A few years back there was a fantasy city-builder on Kickstarter that was languishing away until a stray tweet by Minecraft’s Jeb Bergensten got it some attention. Timber and Stone blew past its initial goal with a few days to spare and finished up a comfy 177% over goal, and its alpha saw regular updating with until things stopped dead in 2014. There was a release in March, a pair of bug fixes through May, and then a very quiet seven months as major changes ripped out Timber and Stone’s internal organs and put them back together much more nicely than when they started. Now Timber and Stone is on Greenlight and has a lovely new trailer showing off how completely different the game looks nowadays.
When the game first hit Kickstarter it had a mostly-untextured look to its blocky voxel world, but that’s a thing of the distant past as of the January update. Plants, buildings, and the ground are all textured in a nicely 16-bit style, keeping the lo-fi look while still providing a good amount of pixely detail. Updates to the UI have gone a long way to making Timber and Stone much more playable as well, with only minimal poking about needed to figure out how to do things. A tutorial would still be nice, of course, but it didn’t take much playing with the menus to learn I could assign each villager a job and set them to auto-perform specific tasks associated with it. I actually spent a couple of minutes trying to assign my farmer a hoe until, after giving up, I discovered he’d take care of that himself when I set down a carrot patch and he got right to work tilling the field without any other input from me. There’s still things to micromanage, of course, but it’s a relief to have villagers that can take care of the basics by themselves, with a few toggles for a few advanced behaviors on top of that.
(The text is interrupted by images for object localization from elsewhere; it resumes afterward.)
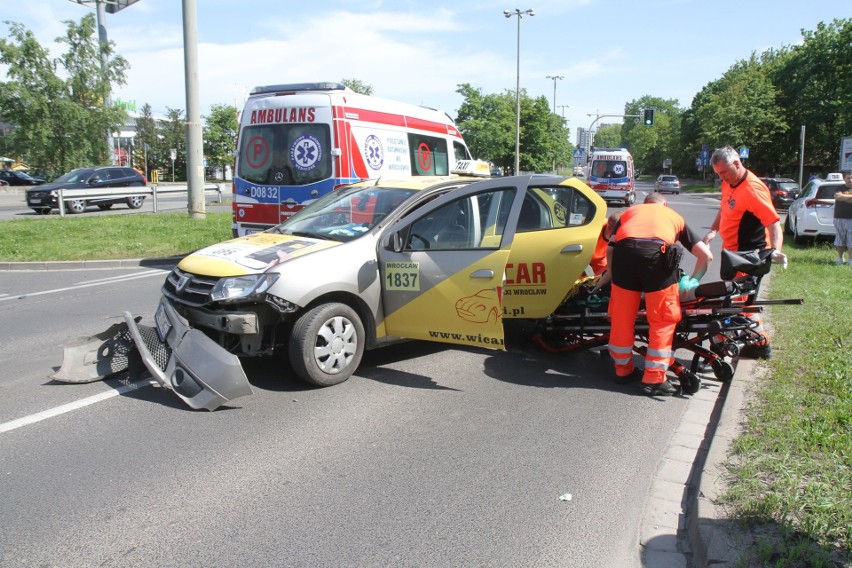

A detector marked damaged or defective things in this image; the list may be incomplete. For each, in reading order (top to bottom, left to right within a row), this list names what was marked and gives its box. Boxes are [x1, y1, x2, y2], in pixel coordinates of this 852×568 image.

damaged front bumper on road [52, 296, 251, 410]
detached bumper [121, 298, 253, 412] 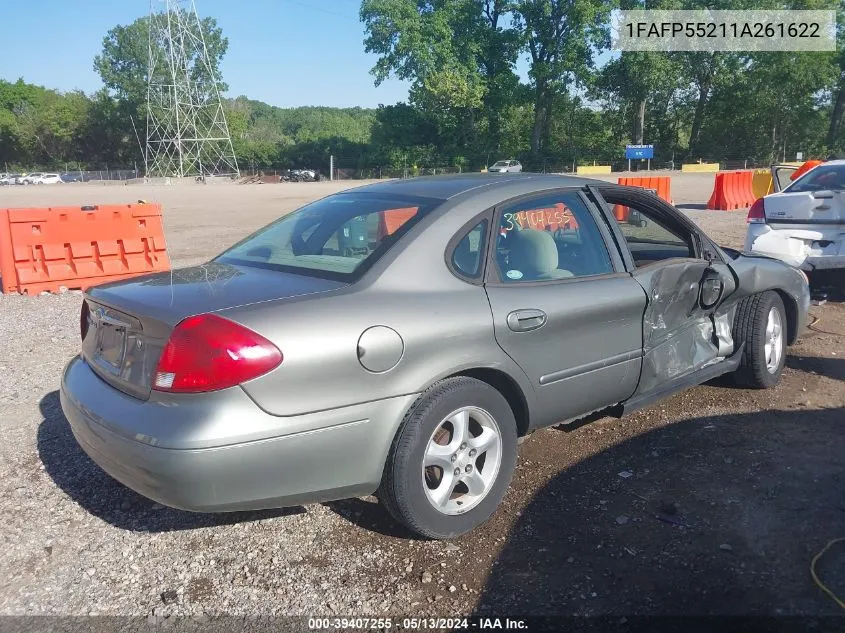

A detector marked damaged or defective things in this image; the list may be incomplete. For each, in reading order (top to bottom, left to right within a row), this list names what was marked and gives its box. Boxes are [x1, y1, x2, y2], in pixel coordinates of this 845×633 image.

damaged car door [592, 185, 736, 398] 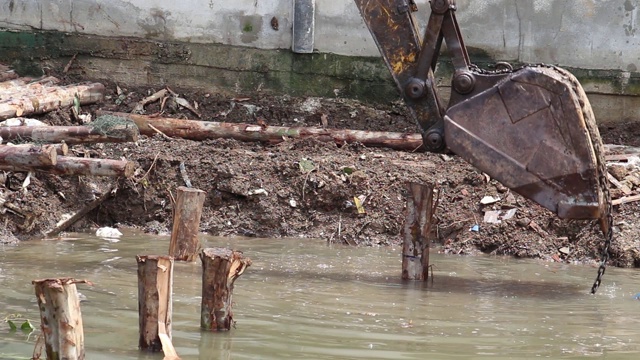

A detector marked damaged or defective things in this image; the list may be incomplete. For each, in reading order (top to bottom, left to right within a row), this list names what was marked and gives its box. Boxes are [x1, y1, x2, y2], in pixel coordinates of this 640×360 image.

rusty excavator bucket [356, 0, 608, 225] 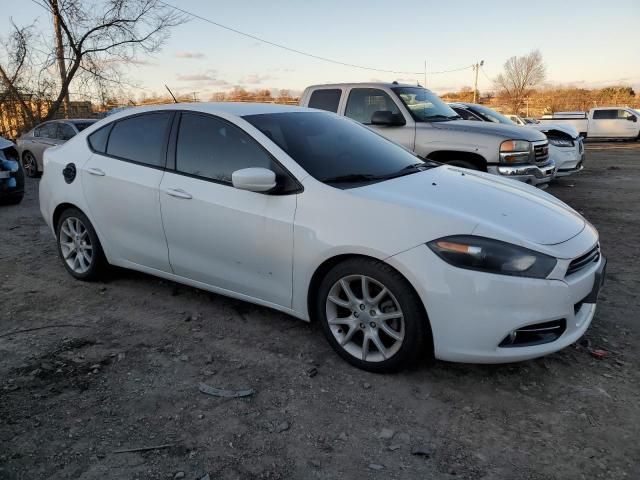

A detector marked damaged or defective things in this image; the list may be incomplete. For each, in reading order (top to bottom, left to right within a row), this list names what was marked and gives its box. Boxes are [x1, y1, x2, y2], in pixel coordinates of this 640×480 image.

damaged blue car [0, 138, 24, 205]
Timber and Stone has come a long way in the two and a half years since its Kickstarter completion, and now its ready to graduate from early adopters on the web site, through Greenlight, and hopefully into Steam Early Access. Game development takes time and money, and a successful Steam launch will give Timber and Stone the money necessary to buy more development time. It’s already a lovely little city builder, filled with personality and plenty of resource management. Building the bucolic medieval village of your dreams is always an engaging task, although if the necromantic hordes a successful settlement attracts have anything to do with it your town will end up a smoking, plundered ruin. So try not to let that happen, ok?